Exercise: Beginning at the line containing "Golden sunrise warms", repeat each line below exactly up to and including the line containing "D'Moksha Homes Red". Do not repeat the pictures.

Material for this task:
+ + + + +

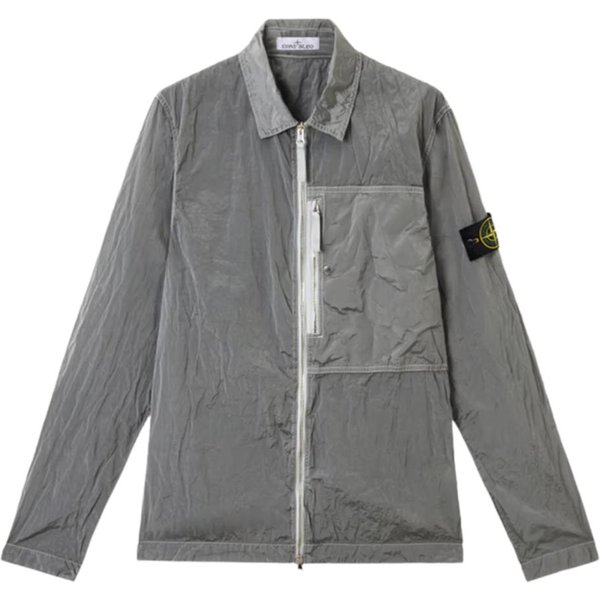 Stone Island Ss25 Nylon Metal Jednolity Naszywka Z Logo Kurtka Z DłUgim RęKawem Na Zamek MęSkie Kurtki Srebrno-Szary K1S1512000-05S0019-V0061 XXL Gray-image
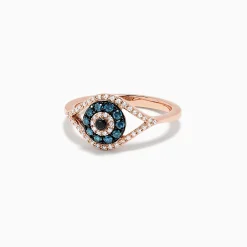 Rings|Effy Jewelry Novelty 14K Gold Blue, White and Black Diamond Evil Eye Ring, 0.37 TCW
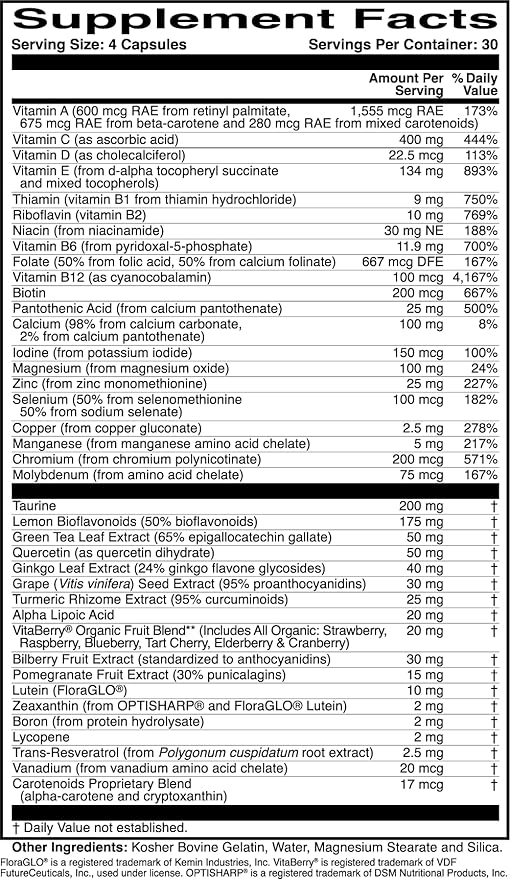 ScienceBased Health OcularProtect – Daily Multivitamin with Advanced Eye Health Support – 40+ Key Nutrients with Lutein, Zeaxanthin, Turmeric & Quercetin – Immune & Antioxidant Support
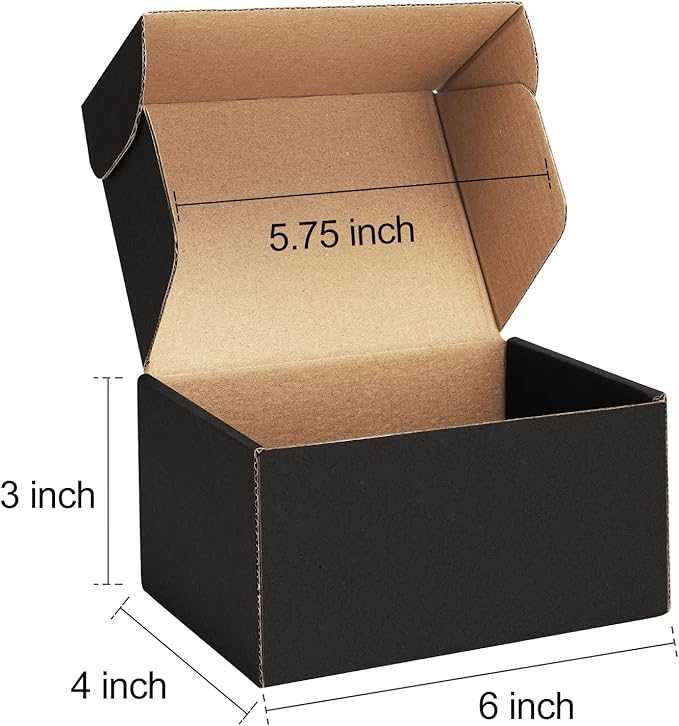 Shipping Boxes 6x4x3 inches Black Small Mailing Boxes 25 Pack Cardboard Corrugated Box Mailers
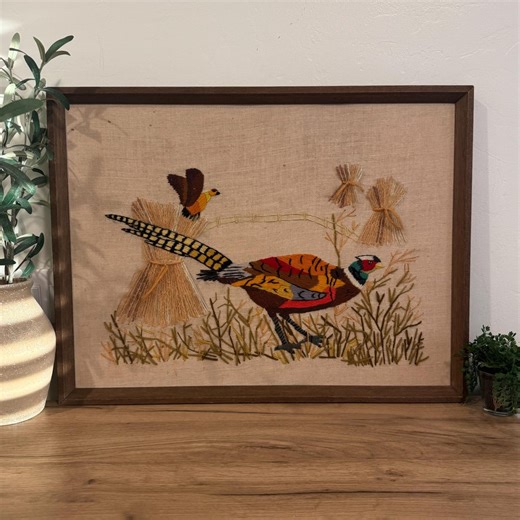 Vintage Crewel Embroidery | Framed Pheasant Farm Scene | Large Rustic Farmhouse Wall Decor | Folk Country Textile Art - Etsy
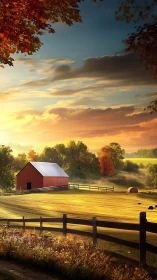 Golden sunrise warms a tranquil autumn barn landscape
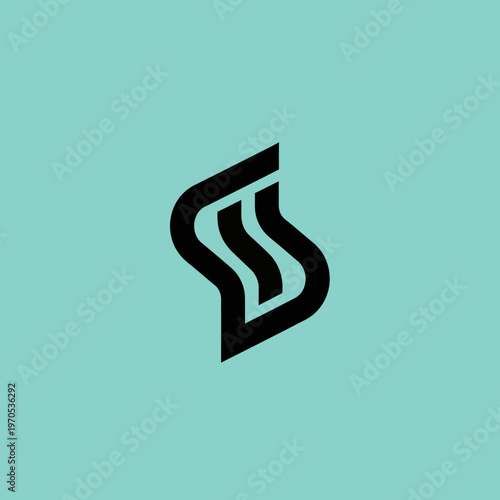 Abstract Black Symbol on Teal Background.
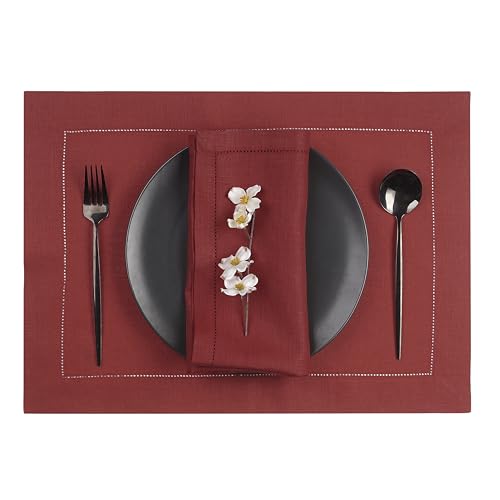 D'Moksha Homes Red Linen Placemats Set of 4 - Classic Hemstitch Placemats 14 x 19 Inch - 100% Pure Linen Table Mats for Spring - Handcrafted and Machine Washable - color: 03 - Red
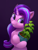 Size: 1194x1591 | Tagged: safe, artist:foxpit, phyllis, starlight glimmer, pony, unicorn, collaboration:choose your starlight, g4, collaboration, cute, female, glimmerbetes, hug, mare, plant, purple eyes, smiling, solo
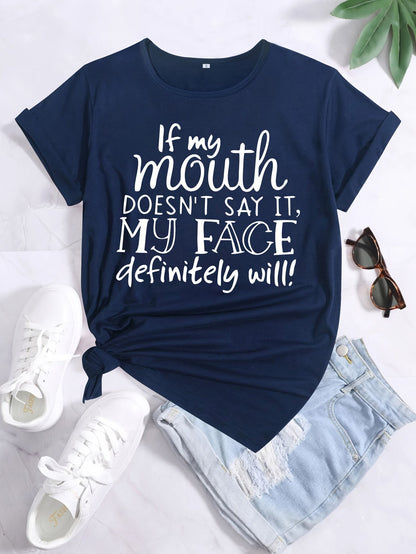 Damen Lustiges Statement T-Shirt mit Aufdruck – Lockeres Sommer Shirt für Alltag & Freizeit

+ + + + +

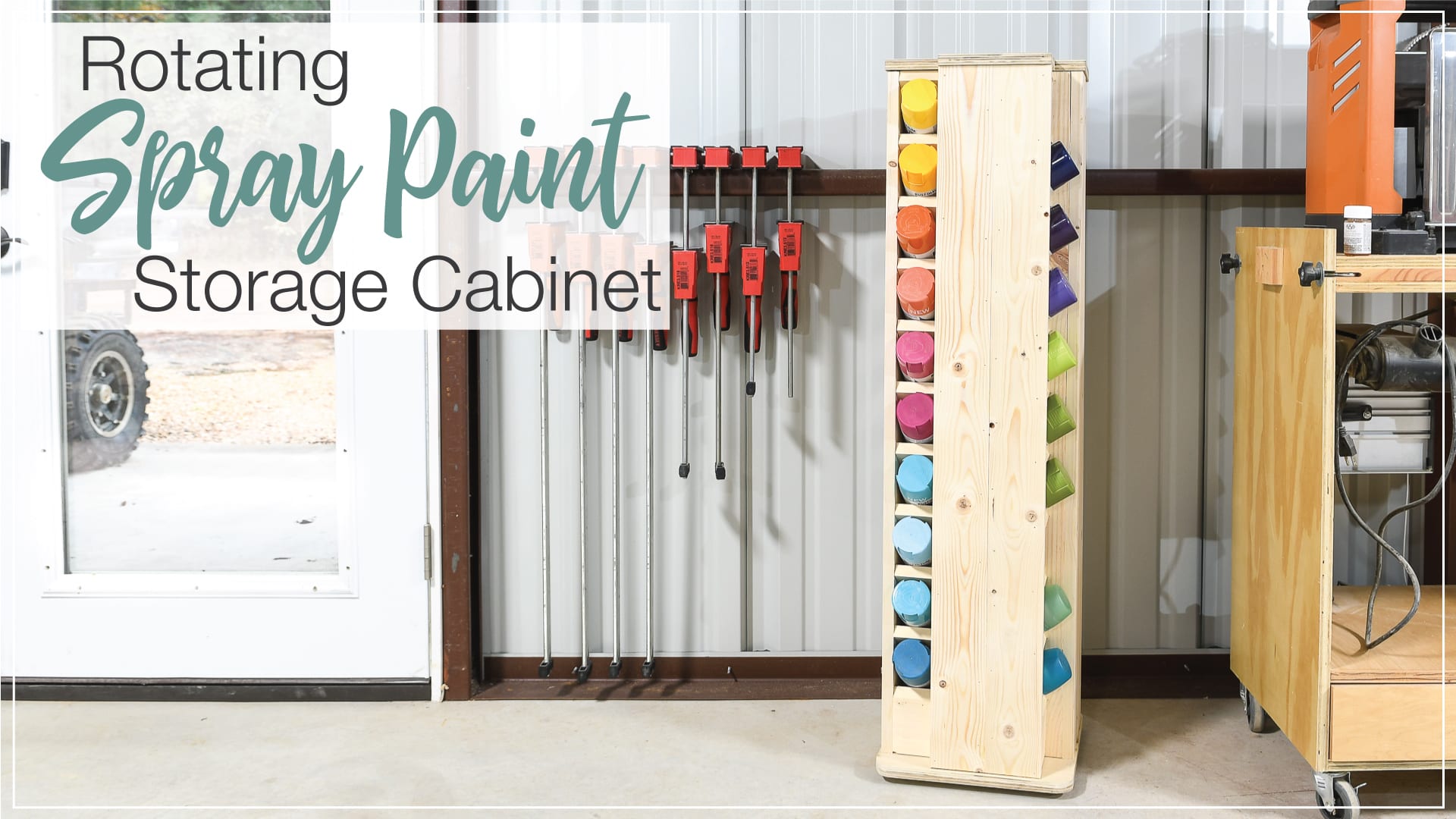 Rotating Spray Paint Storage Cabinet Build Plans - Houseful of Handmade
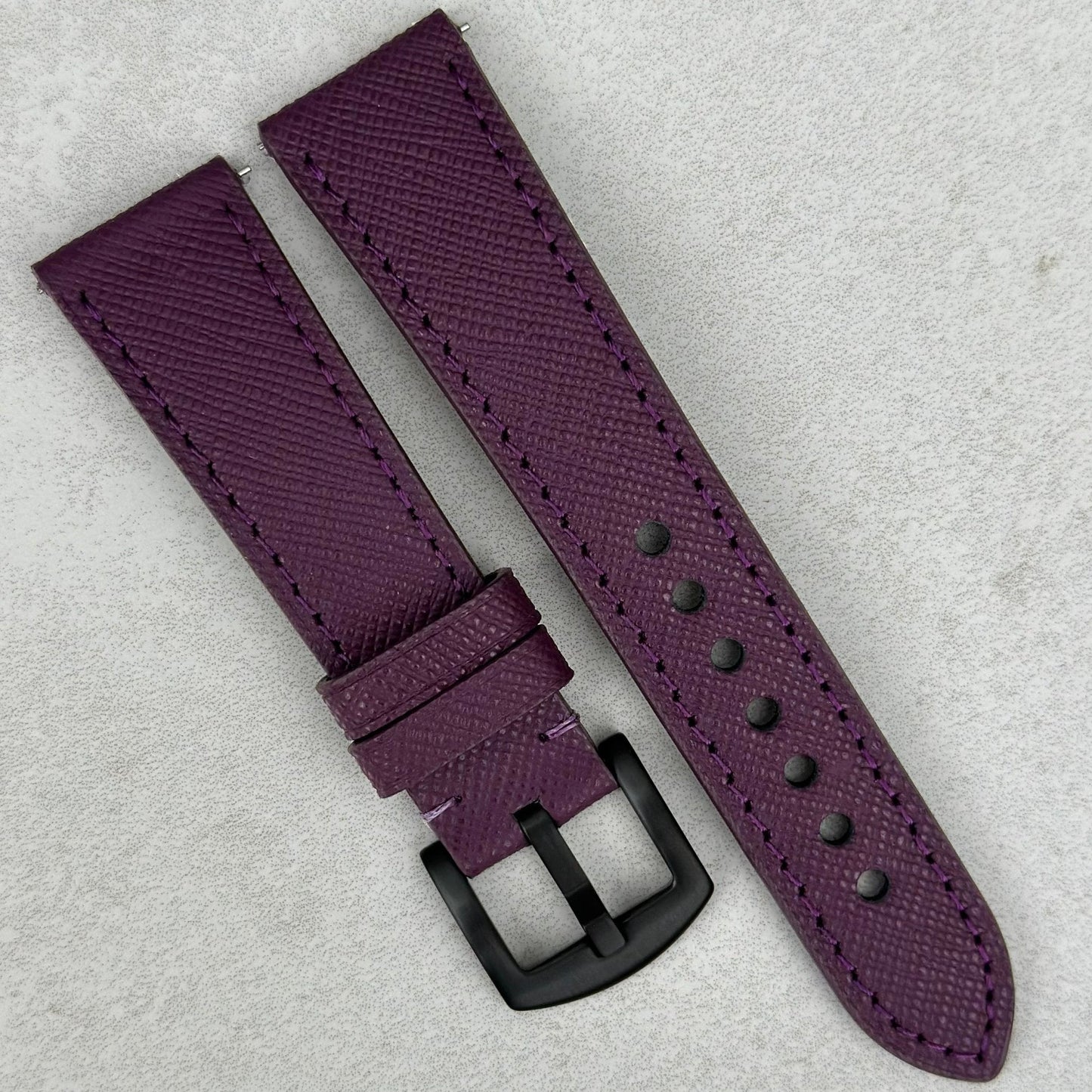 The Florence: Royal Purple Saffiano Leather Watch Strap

+ + + + +

Answer for the task:
 Golden sunrise warms a tranquil autumn barn landscape
 Abstract Black Symbol on Teal Background.
 D'Moksha Homes Red Linen Placemats Set of 4 - Classic Hemstitch Placemats 14 x 19 Inch - 100% Pure Linen Table Mats for Spring - Handcrafted and Machine Washable - color: 03 - Red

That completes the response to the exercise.